Task goal >> Give all the lines below again, exactly, with no pictures.

━━ Data section ━━

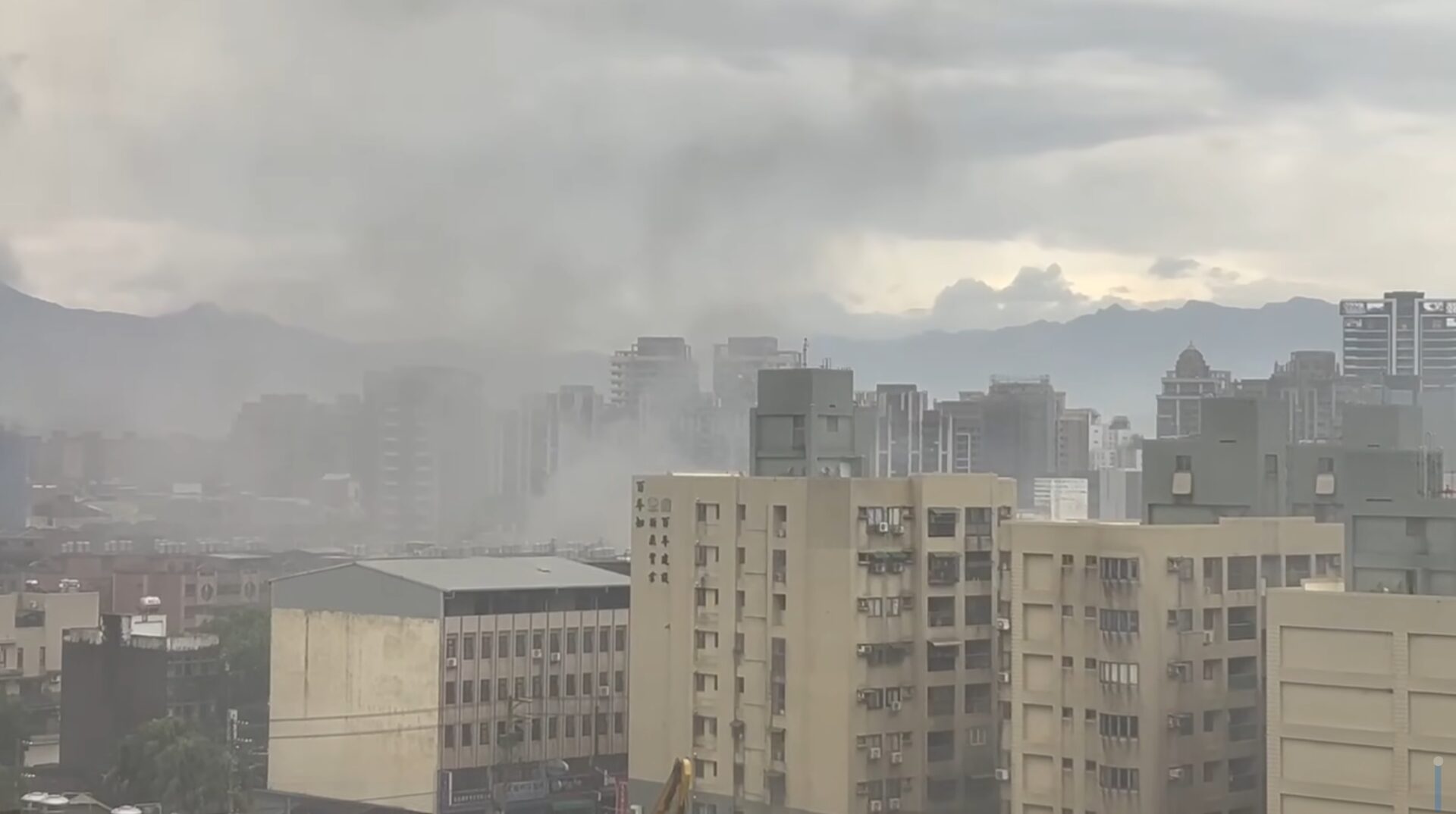 八德民宅傳火警！神壇、小客車遭火舌吞噬 2人逃生受傷送醫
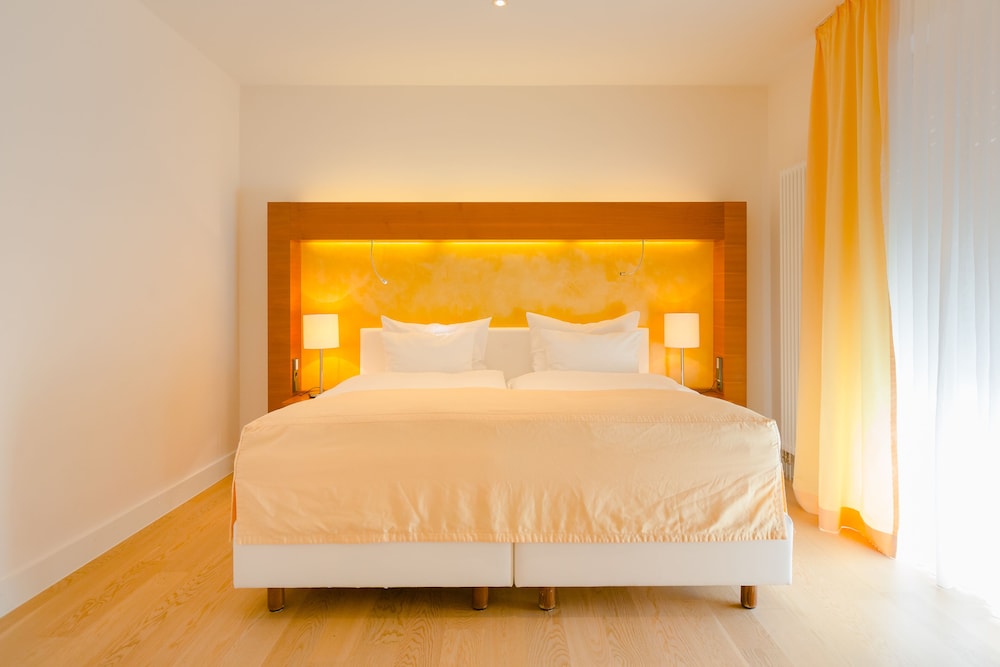 Superior, Suite, King Bed, Street View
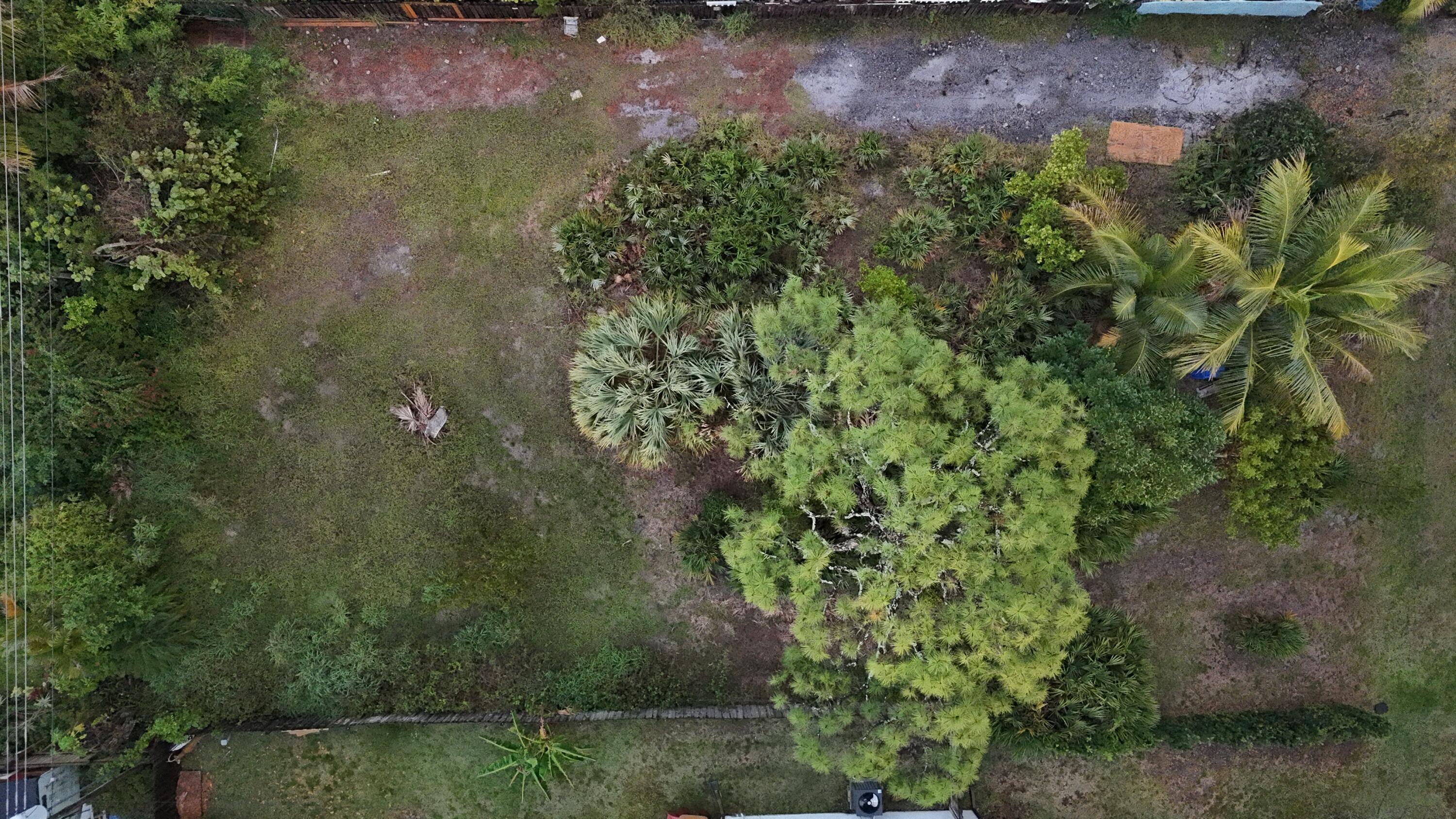 6483 Se Sylvan Place Property Photo 3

━━━

Solution to this problem >>
 八德民宅傳火警！神壇、小客車遭火舌吞噬 2人逃生受傷送醫
 Superior, Suite, King Bed, Street View
 6483 Se Sylvan Place Property Photo 3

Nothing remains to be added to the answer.